In this way, process mining technologies should be not only focused on discovering better processes for taking care of the patients but also to be constantly aware of their continuous evolution. This requires tools to trace, measure and analyze how patients adapt their life to the proposed treatments in each stage of their disease. Within a process mining approach, the process can be continuously tracked iteratively. In each one of the iterations of creating optimized and adapted medical protocols, the experts can understand and correct the processes, allowing to be resilient to the concept drift problem produced by the evolution in time of medical processes via the utilization of interactive methods. This is because the interactive paradigm ensures the convergence in the limit of the learning process by involving the expert in the loop [11].

3 Conclusion

In the domain of data-driven technologies, process mining has acquired a certain prominence in case of process oriented problems. Its capability to discover, analyze and enhance graphical processes in an easy to understand way supposes a new way to provide information to professionals by involving them in the process of generating knowledge. This characteristic is especially valuable in healthcare, were the expert usually has no engineering knowledge and no data science skills. Unlike other data science paradigms, process mining can provide information to the expert about what is actually occurring with their patients, allowing them in a better understanding of the effectiveness of the treatments selected. This facilitates close collaboration between the computer and the experts that might enable the imbrication between the clinical evidence and the professional knowledge that is required in the evidence-based medicine paradigm.

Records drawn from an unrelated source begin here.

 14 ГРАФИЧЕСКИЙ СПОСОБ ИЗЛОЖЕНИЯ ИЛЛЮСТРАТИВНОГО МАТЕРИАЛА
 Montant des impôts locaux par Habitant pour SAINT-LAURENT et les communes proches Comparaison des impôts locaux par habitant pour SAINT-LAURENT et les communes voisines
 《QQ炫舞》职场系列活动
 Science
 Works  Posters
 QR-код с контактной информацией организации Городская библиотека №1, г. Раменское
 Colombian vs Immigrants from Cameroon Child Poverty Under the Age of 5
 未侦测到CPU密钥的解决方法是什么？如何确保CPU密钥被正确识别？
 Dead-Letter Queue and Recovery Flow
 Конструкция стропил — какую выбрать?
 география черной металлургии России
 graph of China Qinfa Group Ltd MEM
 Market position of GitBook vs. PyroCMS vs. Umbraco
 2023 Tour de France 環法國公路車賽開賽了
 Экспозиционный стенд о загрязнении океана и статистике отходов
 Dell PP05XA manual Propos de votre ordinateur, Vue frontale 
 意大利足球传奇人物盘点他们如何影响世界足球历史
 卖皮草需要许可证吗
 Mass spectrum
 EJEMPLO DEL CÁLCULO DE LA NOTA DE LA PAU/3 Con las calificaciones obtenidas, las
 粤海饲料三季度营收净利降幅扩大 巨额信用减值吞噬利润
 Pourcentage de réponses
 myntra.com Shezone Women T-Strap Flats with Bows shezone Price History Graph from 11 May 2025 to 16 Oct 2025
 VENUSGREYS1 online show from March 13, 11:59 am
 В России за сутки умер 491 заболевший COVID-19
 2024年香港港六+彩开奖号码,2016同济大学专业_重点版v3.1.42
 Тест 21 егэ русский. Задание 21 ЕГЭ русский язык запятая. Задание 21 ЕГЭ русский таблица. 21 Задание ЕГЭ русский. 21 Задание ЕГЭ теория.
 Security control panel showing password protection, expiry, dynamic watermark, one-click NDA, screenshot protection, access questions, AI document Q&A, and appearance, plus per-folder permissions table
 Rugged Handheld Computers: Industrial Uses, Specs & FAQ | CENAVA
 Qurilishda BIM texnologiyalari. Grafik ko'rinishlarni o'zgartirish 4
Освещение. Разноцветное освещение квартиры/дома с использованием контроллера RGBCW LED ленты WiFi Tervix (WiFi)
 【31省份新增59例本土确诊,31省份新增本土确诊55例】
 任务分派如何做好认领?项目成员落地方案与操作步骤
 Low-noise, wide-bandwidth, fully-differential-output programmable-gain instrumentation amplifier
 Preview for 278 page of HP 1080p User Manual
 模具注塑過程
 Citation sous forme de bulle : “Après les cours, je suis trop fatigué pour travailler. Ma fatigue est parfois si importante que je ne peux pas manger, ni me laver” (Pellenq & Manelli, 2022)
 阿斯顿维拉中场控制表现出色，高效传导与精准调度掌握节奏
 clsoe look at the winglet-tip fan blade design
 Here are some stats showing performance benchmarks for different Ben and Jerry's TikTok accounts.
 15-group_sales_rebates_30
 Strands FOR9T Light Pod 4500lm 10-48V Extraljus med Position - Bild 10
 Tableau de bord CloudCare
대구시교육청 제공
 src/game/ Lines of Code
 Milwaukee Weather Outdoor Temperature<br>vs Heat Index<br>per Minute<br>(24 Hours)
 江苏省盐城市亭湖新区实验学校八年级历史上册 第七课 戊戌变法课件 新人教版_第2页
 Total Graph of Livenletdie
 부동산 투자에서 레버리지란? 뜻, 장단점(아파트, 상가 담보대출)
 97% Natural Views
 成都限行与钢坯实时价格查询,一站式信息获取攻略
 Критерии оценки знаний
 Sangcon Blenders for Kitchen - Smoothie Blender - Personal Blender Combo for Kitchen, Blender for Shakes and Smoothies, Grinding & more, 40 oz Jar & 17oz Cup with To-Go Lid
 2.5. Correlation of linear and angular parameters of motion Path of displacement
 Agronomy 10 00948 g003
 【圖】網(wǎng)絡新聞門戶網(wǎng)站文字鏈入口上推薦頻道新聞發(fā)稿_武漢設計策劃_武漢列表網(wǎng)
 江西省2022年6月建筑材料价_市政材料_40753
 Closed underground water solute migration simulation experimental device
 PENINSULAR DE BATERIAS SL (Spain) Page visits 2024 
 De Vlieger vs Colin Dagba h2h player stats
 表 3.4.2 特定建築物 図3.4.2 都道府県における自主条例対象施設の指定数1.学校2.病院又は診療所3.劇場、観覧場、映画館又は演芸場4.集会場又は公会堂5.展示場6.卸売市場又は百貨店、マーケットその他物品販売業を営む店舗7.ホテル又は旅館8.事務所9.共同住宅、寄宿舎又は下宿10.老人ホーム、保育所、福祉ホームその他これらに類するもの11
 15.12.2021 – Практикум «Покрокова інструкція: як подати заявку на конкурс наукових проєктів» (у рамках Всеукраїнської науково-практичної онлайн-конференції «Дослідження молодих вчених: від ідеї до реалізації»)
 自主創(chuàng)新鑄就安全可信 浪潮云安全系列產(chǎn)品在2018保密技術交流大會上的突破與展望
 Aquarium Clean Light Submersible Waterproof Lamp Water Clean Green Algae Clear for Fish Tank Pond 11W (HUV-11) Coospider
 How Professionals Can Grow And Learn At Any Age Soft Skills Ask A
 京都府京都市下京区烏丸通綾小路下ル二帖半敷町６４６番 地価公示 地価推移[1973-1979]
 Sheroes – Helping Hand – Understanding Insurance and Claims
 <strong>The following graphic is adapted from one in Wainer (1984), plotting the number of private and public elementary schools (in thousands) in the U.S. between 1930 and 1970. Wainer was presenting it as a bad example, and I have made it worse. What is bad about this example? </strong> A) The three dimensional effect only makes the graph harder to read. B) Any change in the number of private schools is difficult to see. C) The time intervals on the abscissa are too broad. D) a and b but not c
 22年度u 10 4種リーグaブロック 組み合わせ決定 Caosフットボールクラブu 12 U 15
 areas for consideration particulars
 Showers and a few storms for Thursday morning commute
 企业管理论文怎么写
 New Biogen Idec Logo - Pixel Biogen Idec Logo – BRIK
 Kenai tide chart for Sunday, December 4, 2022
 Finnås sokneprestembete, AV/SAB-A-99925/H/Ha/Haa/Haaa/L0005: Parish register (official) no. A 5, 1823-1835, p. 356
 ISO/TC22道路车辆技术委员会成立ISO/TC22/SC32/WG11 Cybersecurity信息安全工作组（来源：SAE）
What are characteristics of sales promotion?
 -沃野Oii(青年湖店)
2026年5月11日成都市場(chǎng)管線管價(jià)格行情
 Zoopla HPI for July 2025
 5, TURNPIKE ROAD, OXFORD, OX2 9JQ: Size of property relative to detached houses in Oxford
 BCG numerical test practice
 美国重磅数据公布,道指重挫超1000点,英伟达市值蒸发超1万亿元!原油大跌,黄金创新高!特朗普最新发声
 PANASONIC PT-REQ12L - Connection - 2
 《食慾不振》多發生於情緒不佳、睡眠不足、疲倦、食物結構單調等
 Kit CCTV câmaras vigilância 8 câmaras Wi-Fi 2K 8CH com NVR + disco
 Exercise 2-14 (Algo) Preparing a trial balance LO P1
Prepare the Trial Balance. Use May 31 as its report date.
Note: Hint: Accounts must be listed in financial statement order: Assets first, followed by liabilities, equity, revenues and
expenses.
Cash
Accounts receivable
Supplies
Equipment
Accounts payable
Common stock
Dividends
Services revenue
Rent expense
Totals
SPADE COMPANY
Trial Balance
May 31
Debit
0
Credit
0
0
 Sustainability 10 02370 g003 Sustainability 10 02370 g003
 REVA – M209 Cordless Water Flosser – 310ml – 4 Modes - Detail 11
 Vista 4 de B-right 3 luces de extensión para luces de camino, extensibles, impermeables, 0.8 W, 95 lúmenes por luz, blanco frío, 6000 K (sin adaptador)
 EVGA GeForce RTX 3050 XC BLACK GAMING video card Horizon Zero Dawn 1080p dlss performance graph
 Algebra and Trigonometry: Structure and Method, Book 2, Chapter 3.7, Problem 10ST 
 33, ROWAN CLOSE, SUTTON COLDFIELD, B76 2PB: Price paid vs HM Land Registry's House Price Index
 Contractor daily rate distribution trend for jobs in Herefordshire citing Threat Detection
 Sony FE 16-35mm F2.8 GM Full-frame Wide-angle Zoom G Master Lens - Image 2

However, to ensure the applicability of process mining technologies to the clinical domain, it is necessary to take into account their special characteristics. Selected process mining algorithms, methods and tools should be specifically designed to deal with this highly demanding field. In this chapter, we have analyzed and stated the most important of these specificities. The selection of the best process mining technologies for each specific case is crucial for creating successful deployments of intelligent systems in health centres.